Tachyon Book Club - Designing Data-Intensive Application - Chapter 1


I decided I need to revisit this highly ranked and indispensable software engineering book. I'll share insights and questions chapter by chapter. 

The first chapter introduces the three big ideas that run through the book: Reliability, Scalability, and Maintainability. These three answer the question of what is the difference between a coder (or vibe coder) and a software engineer. The answer is that the software engineer creates a product that is reliable, scalable, and maintainable. 

Reliable, Scalable, and Maintainable

A reliable application will be tolerant to hardware faults, software faults, and human errors. All of which are unavoidable. What happens when these errors occur? Are they detected? Is someone notified? Does the software fail in the least disastrously way?

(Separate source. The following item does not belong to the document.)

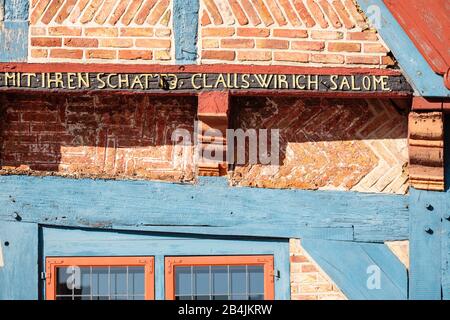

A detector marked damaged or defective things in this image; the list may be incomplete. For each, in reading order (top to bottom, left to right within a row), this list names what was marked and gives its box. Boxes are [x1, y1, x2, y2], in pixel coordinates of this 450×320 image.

peeling blue paint [174, 0, 199, 64]
peeling blue paint [356, 0, 448, 97] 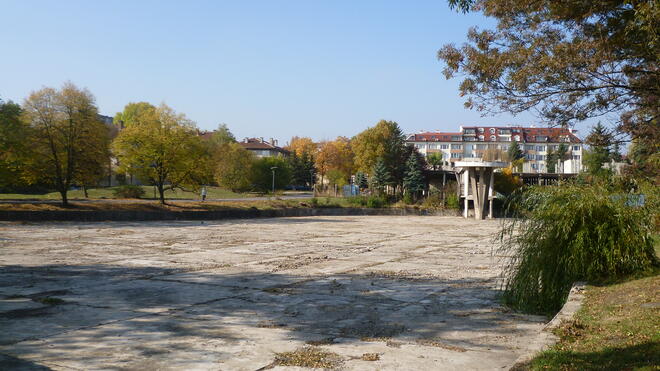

Do errors cause the business to lose money or to be liable to legal action? 

A scalable application will be able to handle increased loads or react in a safe way. How is the load being monitored? Should performance  be measured as response times or as throughput? Are there SLA's (Service Level Agreements) or SLO's (Service Level Objectives) at risk of being violated? Can the application handle twice as much business without having to be re-written or put on expensive infrastructure? 

A maintainability application can have features added and bugs fixed without taking forever and costing an entire budget. Most of the maintenance tasks should be able to be performed by junior engineers with a little help and guidance. 

Engineering


Engineering is the ongoing conquest of complexity. It is an engineer's job to reduce complexity or at least not make it worse. 

Throughout my career I have seen countless hours wasted and engineers burnt out by code that was needlessly complex and opaque. 

When I and other senior engineers join a project, these three concepts, along with documentation and security, is how we judge is an application is well written or not. Next step is talking with Users and Product to determine pain points and overall experience. Make a wish list of things to fix, level of effort, and cost/benefit. Identifying high impact / easy wins is the role of an experienced engineer. Senior engineers should not just be people who have been junior engineers for a long time. Senior engineers need to be able to use their experience and lessons learned to create business value. 

Conclusion


That's the biggest value of this book to me, it's not a cookbook but a way to level up and take your career to the next step. This is why I decided to re-read this book and why I decided to make it the first book to be featured for this book club.